**Work request:**
Print nothing but the lines below starting at the line that holds "Ensemble 2 pièces" and ending at the line that holds "戴維貝拉（DAVE＆BELLA）兒童連衣裙春裝新款燈芯絨女童裙子女寶寶童裙小童公主裙 奶黃色【現貨】 100", including both, each exactly as written.

####################

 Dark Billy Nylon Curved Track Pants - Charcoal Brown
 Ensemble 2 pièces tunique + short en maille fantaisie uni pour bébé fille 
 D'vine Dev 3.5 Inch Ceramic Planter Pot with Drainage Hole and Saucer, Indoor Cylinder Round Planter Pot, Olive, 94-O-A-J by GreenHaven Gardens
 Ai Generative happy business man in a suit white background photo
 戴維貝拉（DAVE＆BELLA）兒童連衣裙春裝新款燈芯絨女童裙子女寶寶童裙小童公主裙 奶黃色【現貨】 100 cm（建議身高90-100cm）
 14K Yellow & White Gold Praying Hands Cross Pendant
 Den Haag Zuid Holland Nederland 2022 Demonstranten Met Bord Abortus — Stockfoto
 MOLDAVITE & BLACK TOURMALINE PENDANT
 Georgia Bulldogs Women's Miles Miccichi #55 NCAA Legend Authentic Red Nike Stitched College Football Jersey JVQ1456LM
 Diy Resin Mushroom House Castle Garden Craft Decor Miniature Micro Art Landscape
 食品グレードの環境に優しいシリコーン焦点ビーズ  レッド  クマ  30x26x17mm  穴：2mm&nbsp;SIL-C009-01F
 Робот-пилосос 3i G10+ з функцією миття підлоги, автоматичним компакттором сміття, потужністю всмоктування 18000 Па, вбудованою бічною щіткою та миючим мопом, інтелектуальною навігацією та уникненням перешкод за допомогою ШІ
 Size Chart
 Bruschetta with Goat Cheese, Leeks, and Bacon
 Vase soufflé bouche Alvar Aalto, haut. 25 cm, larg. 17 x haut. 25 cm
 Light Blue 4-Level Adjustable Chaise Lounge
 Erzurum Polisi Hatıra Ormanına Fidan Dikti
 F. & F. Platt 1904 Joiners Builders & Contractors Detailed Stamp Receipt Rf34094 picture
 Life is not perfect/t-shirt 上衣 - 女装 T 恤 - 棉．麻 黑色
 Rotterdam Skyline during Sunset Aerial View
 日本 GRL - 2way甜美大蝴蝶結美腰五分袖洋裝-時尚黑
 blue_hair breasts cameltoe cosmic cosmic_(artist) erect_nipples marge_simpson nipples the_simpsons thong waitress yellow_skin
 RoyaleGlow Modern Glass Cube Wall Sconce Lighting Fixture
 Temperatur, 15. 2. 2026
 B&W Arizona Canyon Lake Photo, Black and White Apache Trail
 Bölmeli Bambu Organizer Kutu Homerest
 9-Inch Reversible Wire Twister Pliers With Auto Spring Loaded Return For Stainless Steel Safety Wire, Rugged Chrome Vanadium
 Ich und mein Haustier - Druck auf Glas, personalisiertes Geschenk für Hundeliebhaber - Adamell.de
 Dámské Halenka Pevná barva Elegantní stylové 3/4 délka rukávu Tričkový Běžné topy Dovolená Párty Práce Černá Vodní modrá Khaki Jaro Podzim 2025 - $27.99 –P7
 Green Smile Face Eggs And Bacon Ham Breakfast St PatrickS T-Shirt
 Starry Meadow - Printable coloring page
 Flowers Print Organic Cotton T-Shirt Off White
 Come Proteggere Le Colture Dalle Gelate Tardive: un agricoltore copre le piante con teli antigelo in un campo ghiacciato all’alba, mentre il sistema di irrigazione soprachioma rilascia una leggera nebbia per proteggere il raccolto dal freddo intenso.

####################

**Reply to the exercise:**
 Ensemble 2 pièces tunique + short en maille fantaisie uni pour bébé fille 
 D'vine Dev 3.5 Inch Ceramic Planter Pot with Drainage Hole and Saucer, Indoor Cylinder Round Planter Pot, Olive, 94-O-A-J by GreenHaven Gardens
 Ai Generative happy business man in a suit white background photo
 戴維貝拉（DAVE＆BELLA）兒童連衣裙春裝新款燈芯絨女童裙子女寶寶童裙小童公主裙 奶黃色【現貨】 100 cm（建議身高90-100cm）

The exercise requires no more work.